Firstly, a President Trump must stay away from Twitter and from petty insults directed as opponents. He is no longer responsible for himself and his brand alone, but for a country of over 300 million people. The words of the President have weight that the words of a private citizen do not, and it will be telling to see the extent to which President-Elect Trump understands this.

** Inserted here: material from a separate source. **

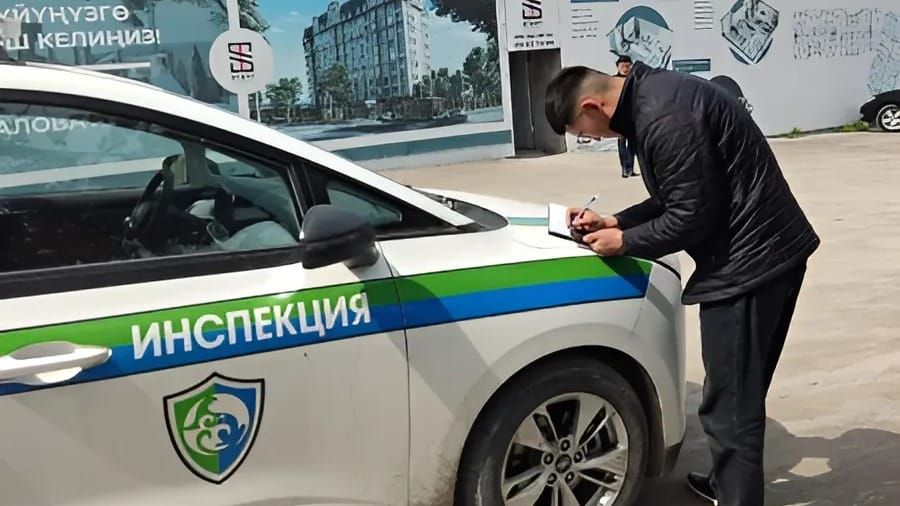 «Альфа Ойл», кафе «Бахчай» и другие получили штрафы за нарушение правил благоустройства изображение публикации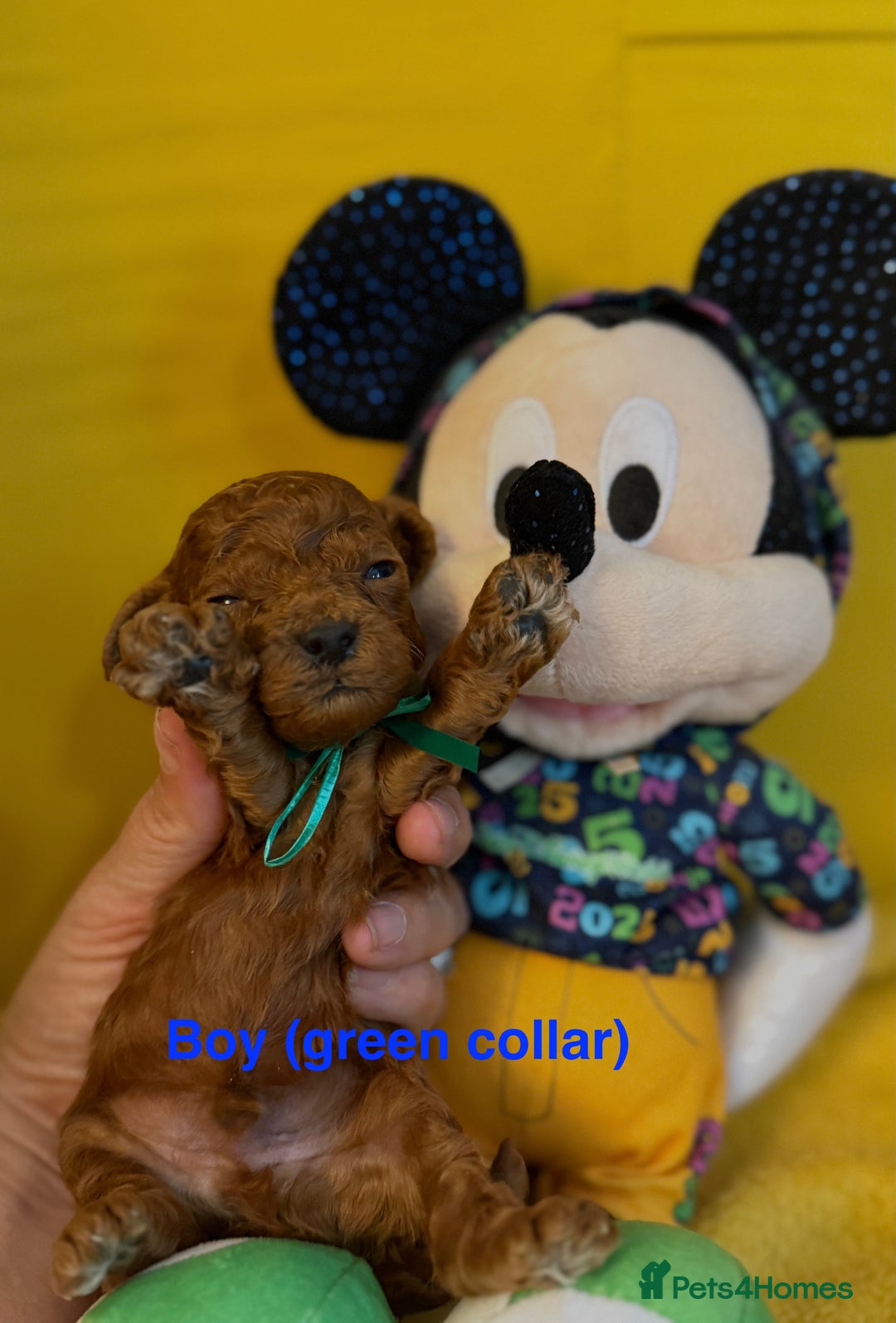 Toy Poodle dogs for sale: Stunning Deep Red Toy Poodles 🐩 Ready 16th Oct - Image 9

Secondly, President-Elect Trump has a responsibility to address some of the rhetoric he wielded in the primary. He must reassure people that as President, he will seek only to enforce the laws fairly and impartially as they are written, with his Constitutional responsibilities and the safety and liberty of the American people at heart. Merely intending to do so is not enough. Many individuals were personally frightened and offended by some the President-Elect's more outlandish statements during and prior to his campaign, and, regardless of his actual intent, it cannot be said that this was always without basis in his words. Many of Trump's supporters feared, with ample justification, that a President Clinton would threaten their freedom of speech, freedom of association, religious liberty, and the right to bear arms. It is important to recognize that many of Clinton's supporters fear that a President Trump will enforce the law disparately based on race or religion, and that he devalues people based on these characteristics or based on sex. President-Elect Trump showed graciousness in his victory speech and in his meeting with President Obama. It would be highly encouraging to see the President-Elect take responsibility for many of his more indefensible statements, and work to calm the fears of many Americans who felt alienated by his campaign between now and his inauguration.
Beyond it being the right thing for President-Elect Trump to do, working to address the alienation that his campaign caused for many good Americans will show that he and the Republicans are ready to not only take advantage of the Democrats having alienated large swaths of the electorate over the previous eight years, but also that they intend to not repeat the same mistakes.
I have enjoyed writing this series of blog posts about immigration issues and the election, and I hope that you have found the posts interesting, thought-provoking, and perhaps, on occasion, provocative. With the elections complete, we will have plenty more to blog about regarding immigration, law, and politics in general as we await the inauguration of President-Elect Trump and the new Congress. Please see my opening blog post in the series for a directory of all of the previous posts that I wrote [see blog].
In the spirit of moving on from a contentious election, I will leave you with a second passage from the autobiography of Calvin Coolidge:
“It would be exceedingly easy to set the country by the ears and foment hatreds and jealousies, which, by destroying faith and confidence, would help nobody and harm everybody.”